On another note, I think stature has something to do with it too. Like I've said a million times before; I've never been the kind of girl who went looking for a "type" of guy. I was socialized to place more value on internal (characteristics/values/behaviors) qualities of people than their external qualities. I like that I was "programmed" that way. Even tho I recognize that it was indeed programming, I like it. I think it's good. I like looking on the inside of people, it's WAY more interesting than what's on the outside. HOWEVER; I've denied myself my own feelings.

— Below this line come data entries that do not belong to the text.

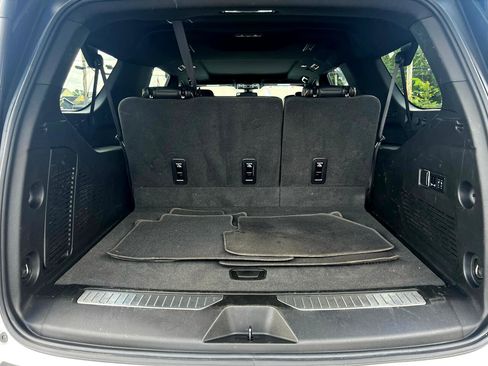 Used 2022 GMC Yukon XL AT4 image 31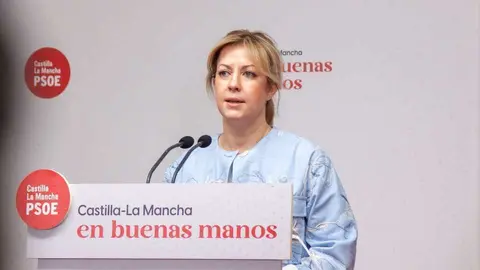 La portavoz del grupo socialista en las Cortes regionales, Ana Isabel Abeng&oacute;zar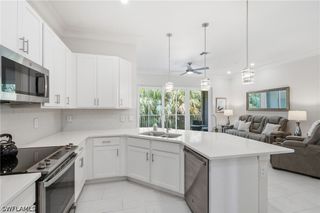 238 Indies DR E 201, Naples, FL 34114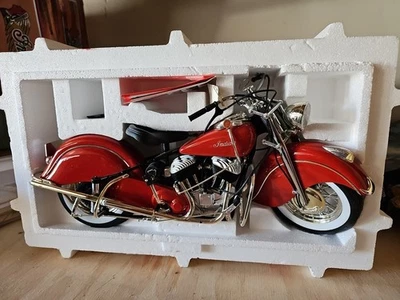 1948 Indian Chief 348 литой мотоцикл Guiloy масштаб 1:6 - красный - #16227 - Изображение 1 из 3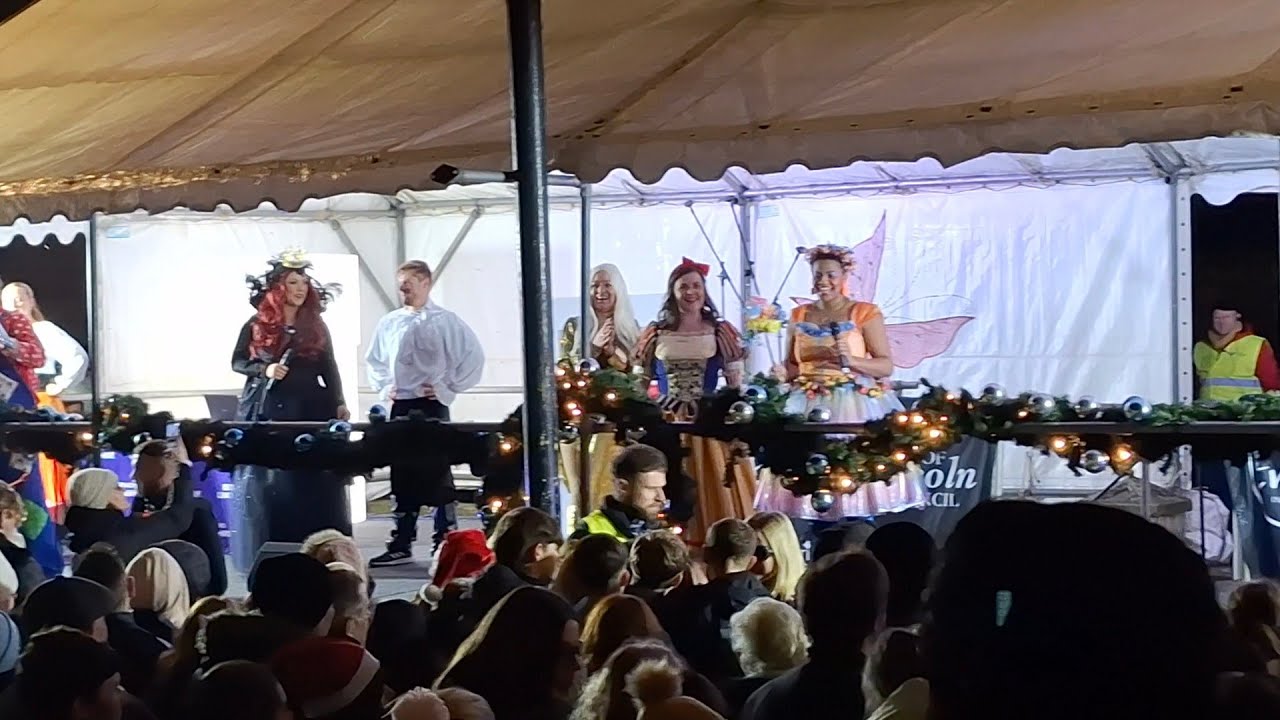 When is the lincoln christmas lights switch on 2025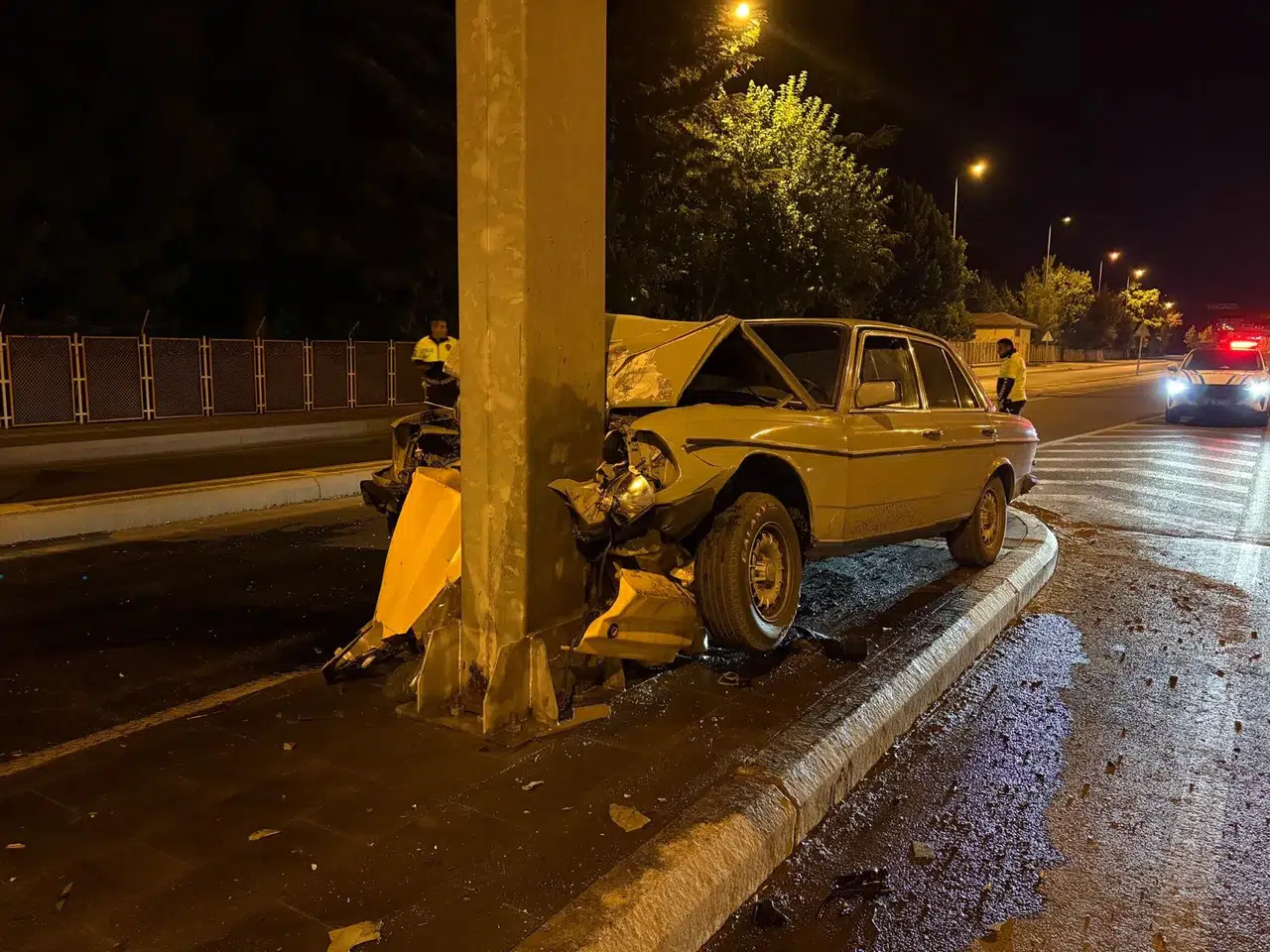 Otomobil direğe ok gibi saplandı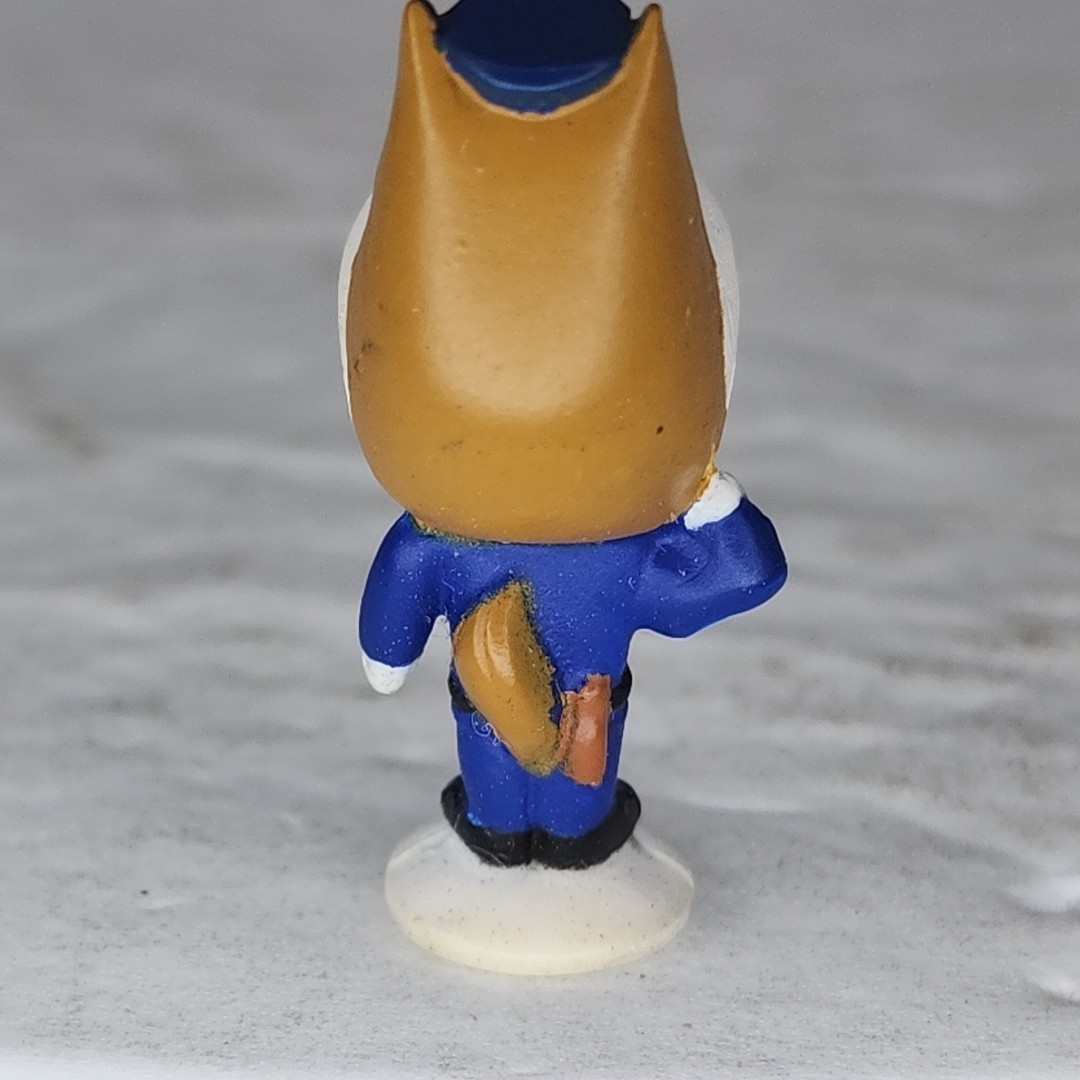2001 Animal Crossing Playset 1&Prime; Copper Police Dog Mini Figure Nintendo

I've denied to ALLOW myself to acknowledge that certain things (physical characteristics) actually result in a different feeling within me. Don't get me wrong; the physical characteristics of stature like height and fitness, as nice as they can be, can actually be repulsive if the inside isn't just as nice (for instance: wonderful thoughts, based on a diverse set of past experiences combined with a helpful/caring spirit, a love of knowledge and an open, spiritual soul.

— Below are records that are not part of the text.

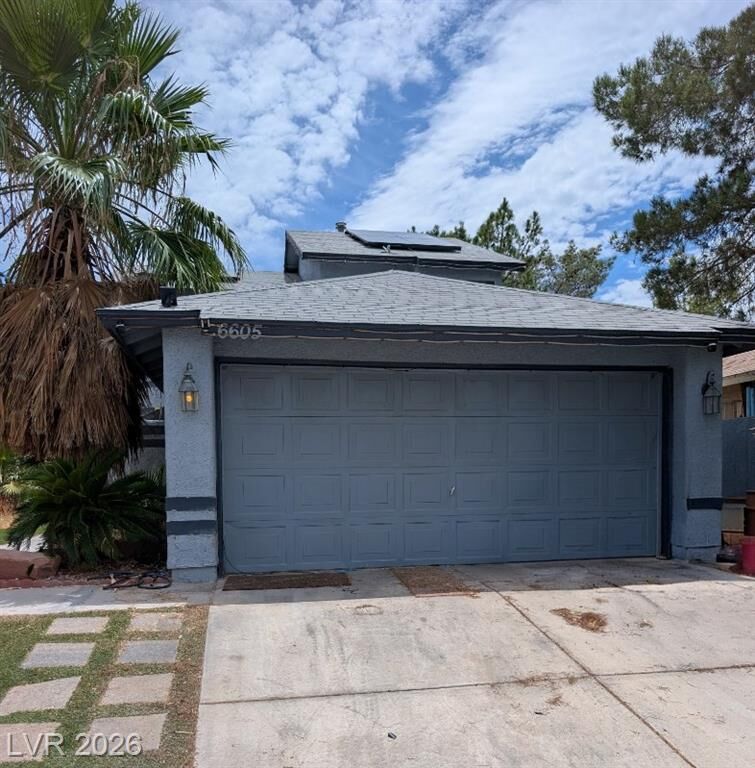 Property Photo:  6605 Wheelbarrow Peak Drive  NV 89108 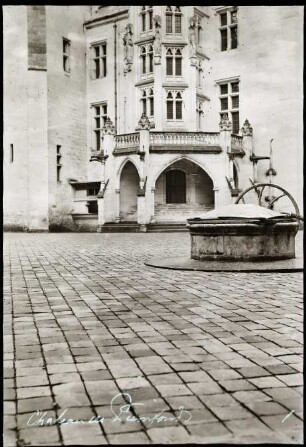 Schloss Pierrefonds, Ehrenhof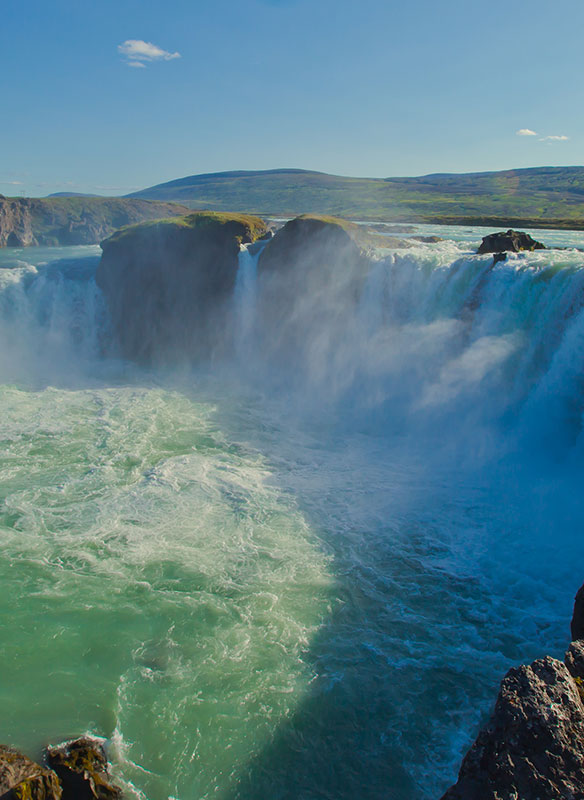 Gullfoss ‘Golden Waterfall’, Iceland Gullfoss ‘Golden Waterfall’, Iceland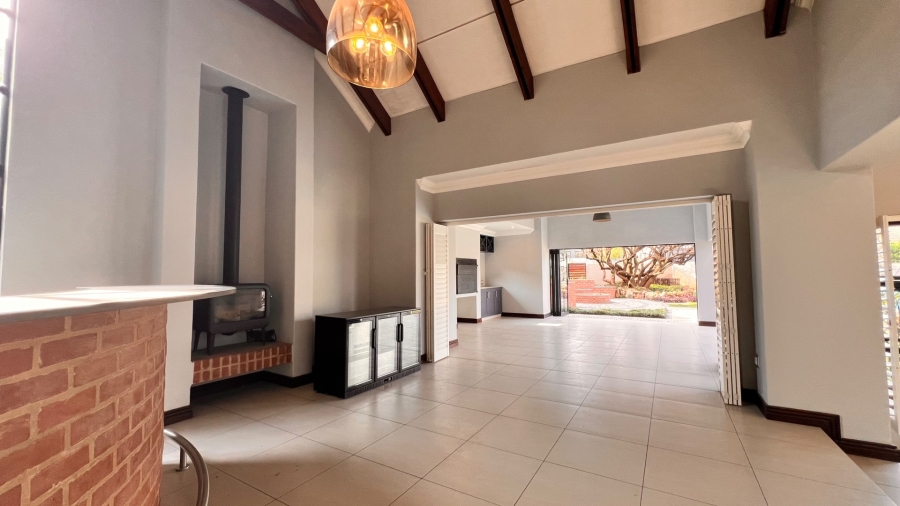 4 Bedroom Property for Sale in Midstream Ridge Gauteng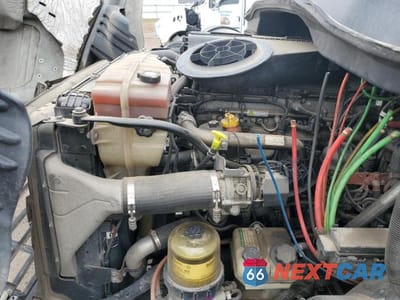 Zdjęcie 7 z 10 samochodu: 2016 FREIGHTLINER CASCADIA 113 SEMI TRUCK VIN:3AKBGADV8GSGU9408 - miniatura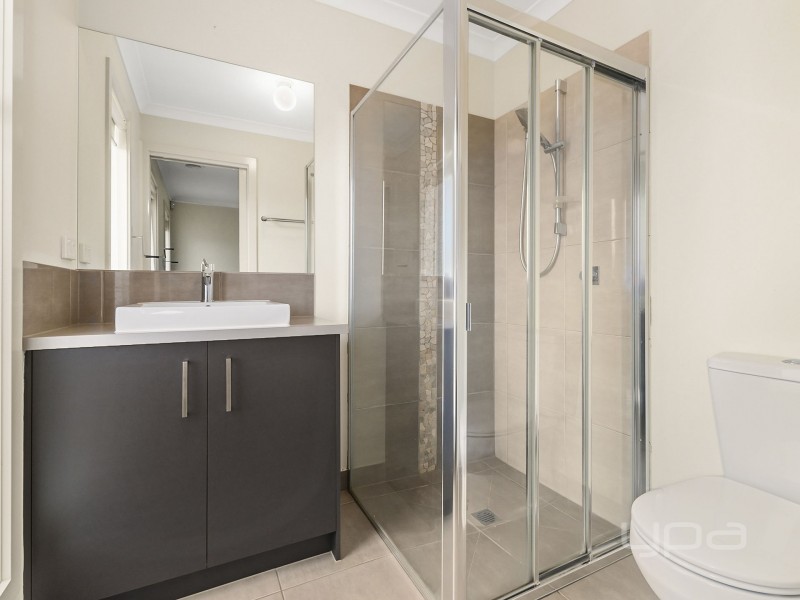 16 Forde Avenue, Melton South VIC 3338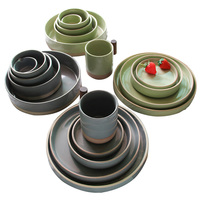 Assiettes rondes en porcelaine au design minimaliste avec logo personnalisé, vaisselle jetable écologique pour mariage, couleur verte
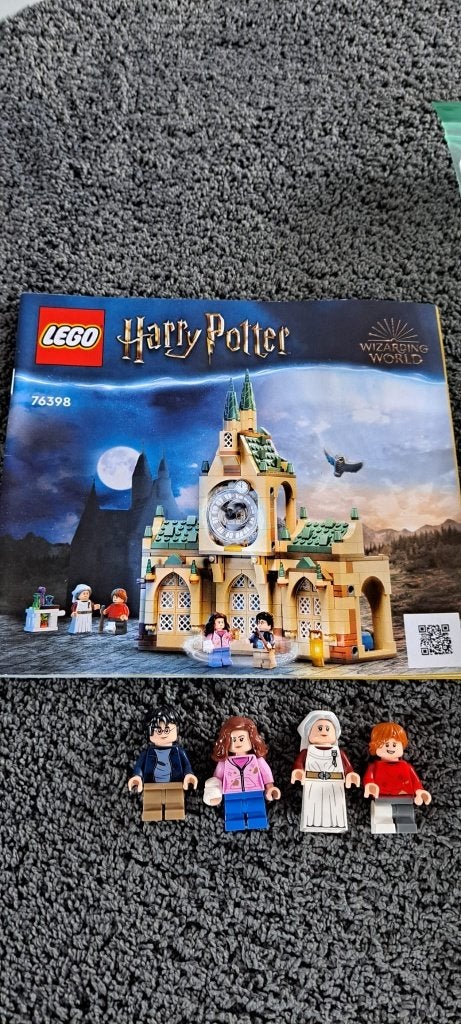 Lego 76398 Harry Potter Zweinstein ziekenhuisvleugel, Compleet, Lego, Harry Potter, Ophalen of Verzenden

Well; I never woulda had time to get all this out in writing without this time waiting to see the doctor (all because places won't refill prescriptions over the phone w/o seeing you & I am NOT driving back across 3 states to see the same doc). So...here I sit...with my thoughts. I've had one gentlemen initiate a conversation & then continue to share with me how awesome his savior is. While I get it, and agree with his sentiment (in a deep but different way) it still strikes me as proselytizing and deeming him being unaware of his impact (his intent did seem honestly just to share). I had a lot of DEOMI like thoughts running thru my head. Now I really just want to get on the road since I've now been waiting here for two hours. Something tells me this was meant to be though; my partner couldn't sleep & I felt obligated to inquire & listen. I've changed apparently. And my words don't match my actions. It made him feel bad yesterday when I told my girlfriend (speaking on pedicures) "nope...those days are behind me now...that ended with Deomi". That makes ME feel bad, why the hell would it make HIM feel bad? He thinks I'm embarrassed of him. Because I didn't introduce him to my friends. & because when we went to Taco City to eat I didn't stop at Fitz' & Jones' table to introduce'em either. How am I supposed to explain that Fitz said to me "no offense, but I don't wanna meet him". & it's all b/c he didn't condone his jealousy (nor do I). How do I explain that? I AM embarrassed by how jealous he is! I DO feel sorry for myself that his damn pride gets in the way of him staying home & ME going to work. He LOVES cleaning & cooking. Why be ashamed if your good at it AND you love it? So frustrating. He does have a point tho: I guess I typically do come home either tired or upset when I do my stints of full time work. So maybe I WOULD be a class-A monster if I worked full time. Why am I so f'd up? I've always wanted a family and now I have one. Why am I always picturing this parallel reality in my head. Changing the scenery doesn't change things. Like someone wise once said "wherever you go, there YOU are". If that intrapersonal conflict is w/n u, it'll come out wherever (& w/ whoever) you find yourself.
So what's mine? I have a hard time disappointing another to be true to myself. I guess I have a hard time being alone & liking the company I keep too. I love people too much. Oh & I don't have a sense of humor, but I'm working on that.
Ok well who knows when I'll have this much time to myself again to get all this out. Till my next entry...23 44. Sorry I've got SO many words in this lil nugget of mine. 🍂.(1 leaf of the tree does not change without the silent acknowledgement of the whole).